• _EXERCISE AIM_
Please reproduce the listing verbatim, without its images.

• _DATA PROVIDED_
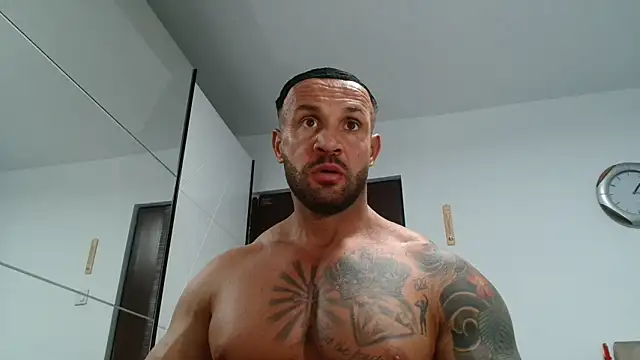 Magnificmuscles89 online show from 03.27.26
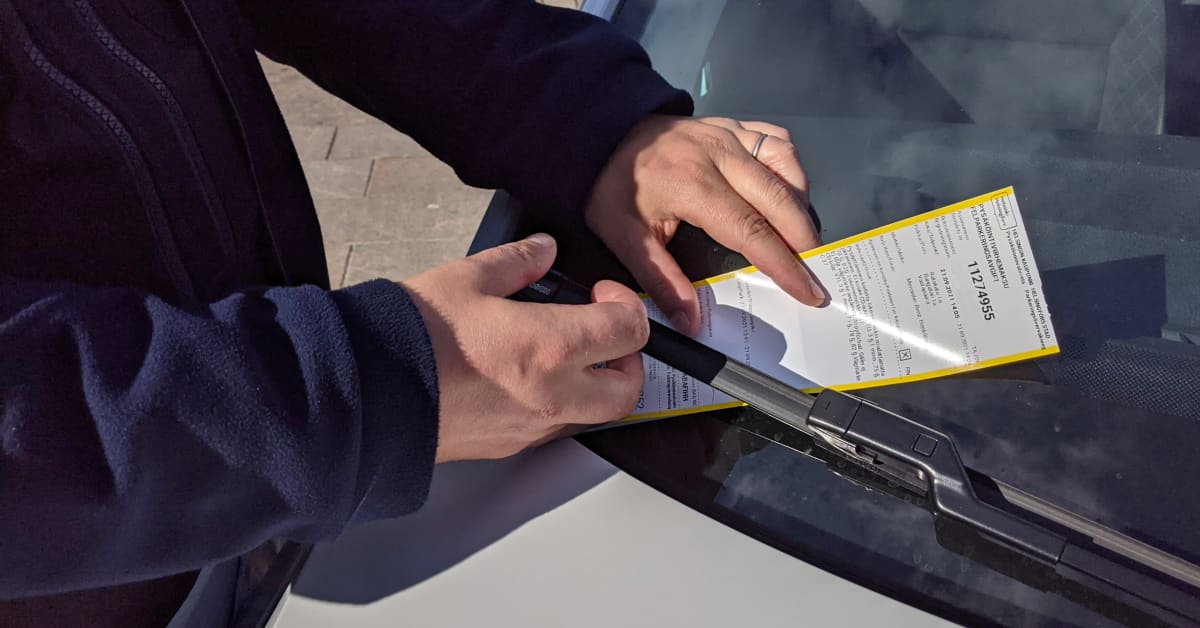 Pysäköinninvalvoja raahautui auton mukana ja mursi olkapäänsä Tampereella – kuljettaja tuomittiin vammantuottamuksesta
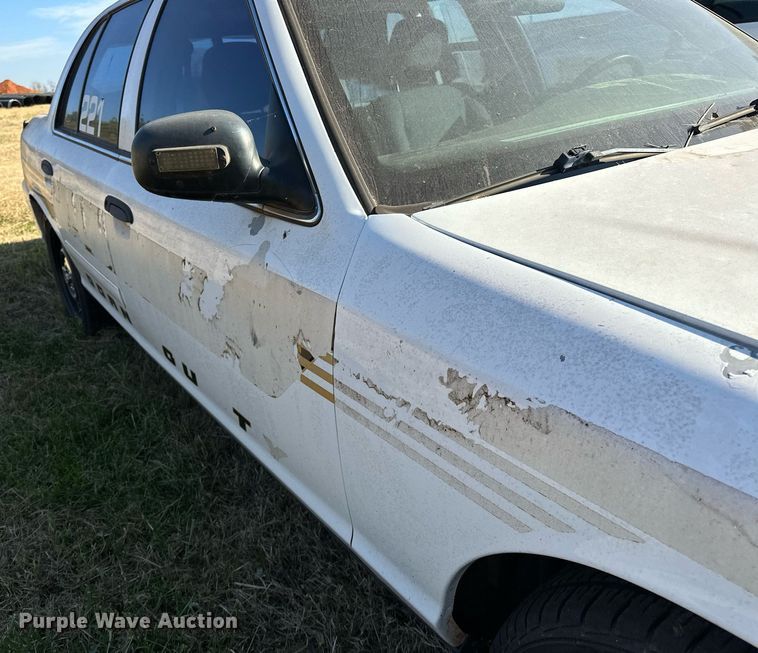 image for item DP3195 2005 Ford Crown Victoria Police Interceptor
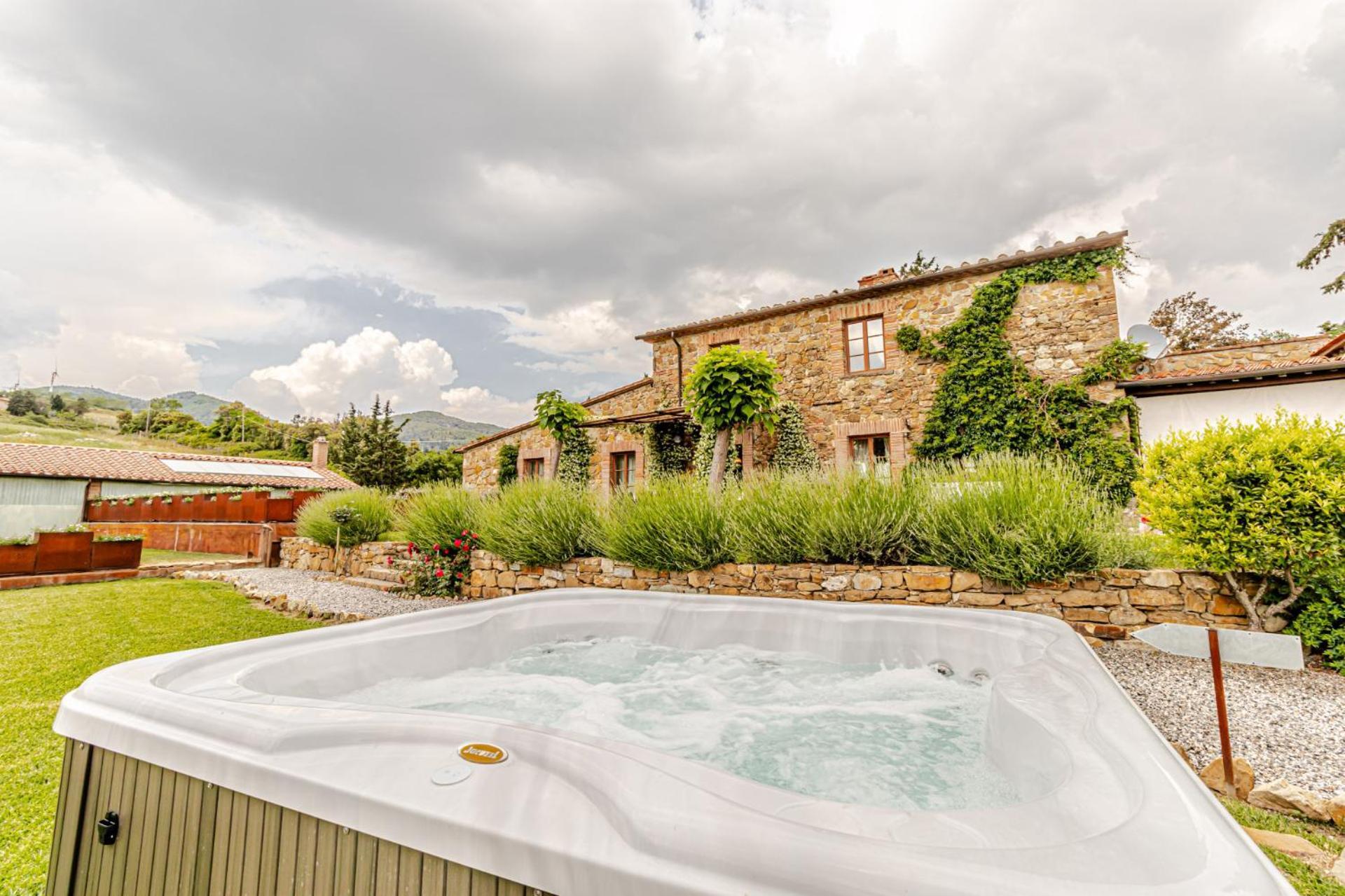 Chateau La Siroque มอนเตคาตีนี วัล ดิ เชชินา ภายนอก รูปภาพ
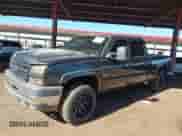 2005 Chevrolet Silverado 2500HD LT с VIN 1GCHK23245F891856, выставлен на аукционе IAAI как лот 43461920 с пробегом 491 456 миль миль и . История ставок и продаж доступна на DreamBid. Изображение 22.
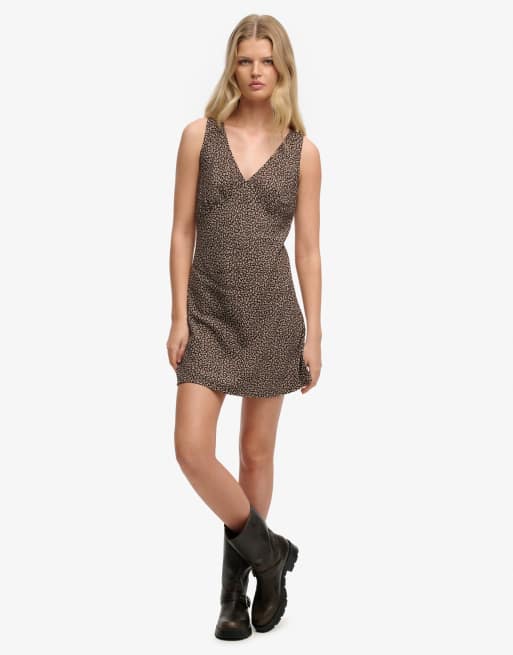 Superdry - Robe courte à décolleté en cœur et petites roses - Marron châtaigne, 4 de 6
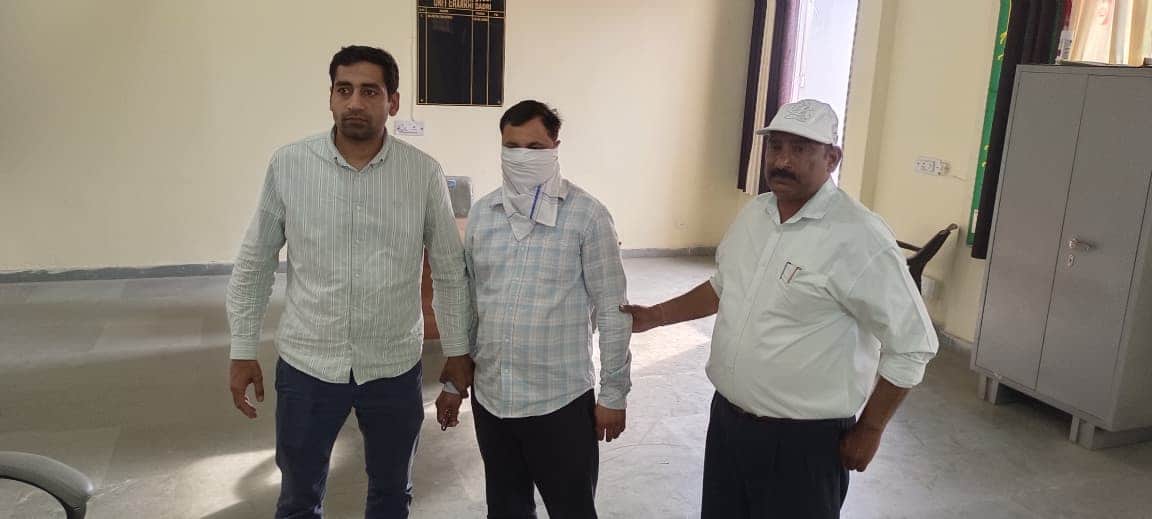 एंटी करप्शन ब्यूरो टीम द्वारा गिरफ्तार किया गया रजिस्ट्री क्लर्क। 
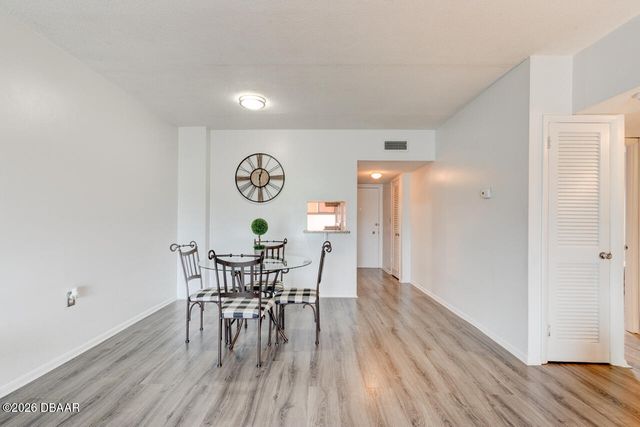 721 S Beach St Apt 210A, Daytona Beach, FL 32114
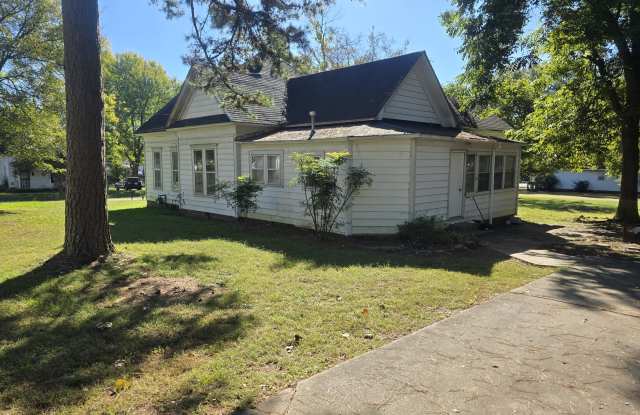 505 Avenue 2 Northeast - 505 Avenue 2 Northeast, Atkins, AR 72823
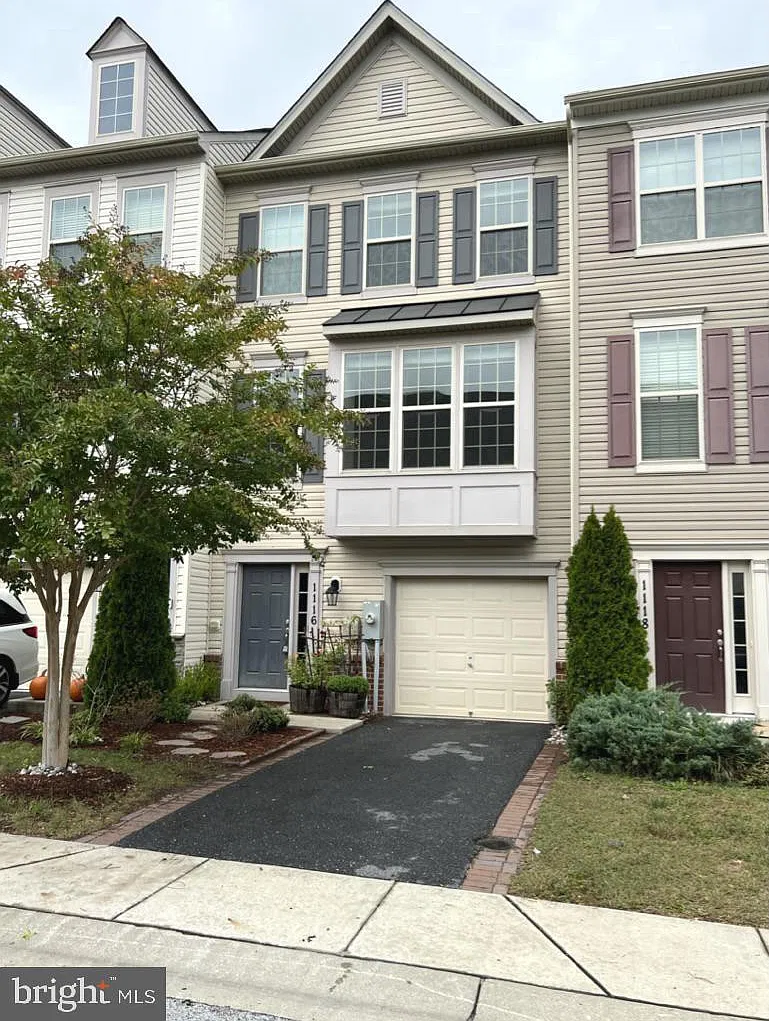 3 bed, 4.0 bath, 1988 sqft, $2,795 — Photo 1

• _YOUR RESPONSE_
 Magnificmuscles89 online show from 03.27.26
 Pysäköinninvalvoja raahautui auton mukana ja mursi olkapäänsä Tampereella – kuljettaja tuomittiin vammantuottamuksesta
 image for item DP3195 2005 Ford Crown Victoria Police Interceptor
 Chateau La Siroque มอนเตคาตีนี วัล ดิ เชชินา ภายนอก รูปภาพ
 2005 Chevrolet Silverado 2500HD LT с VIN 1GCHK23245F891856, выставлен на аукционе IAAI как лот 43461920 с пробегом 491 456 миль миль и . История ставок и продаж доступна на DreamBid. Изображение 22.
 Superdry - Robe courte à décolleté en cœur et petites roses - Marron châtaigne, 4 de 6
 एंटी करप्शन ब्यूरो टीम द्वारा गिरफ्तार किया गया रजिस्ट्री क्लर्क। 
 721 S Beach St Apt 210A, Daytona Beach, FL 32114
 505 Avenue 2 Northeast - 505 Avenue 2 Northeast, Atkins, AR 72823
 3 bed, 4.0 bath, 1988 sqft, $2,795 — Photo 1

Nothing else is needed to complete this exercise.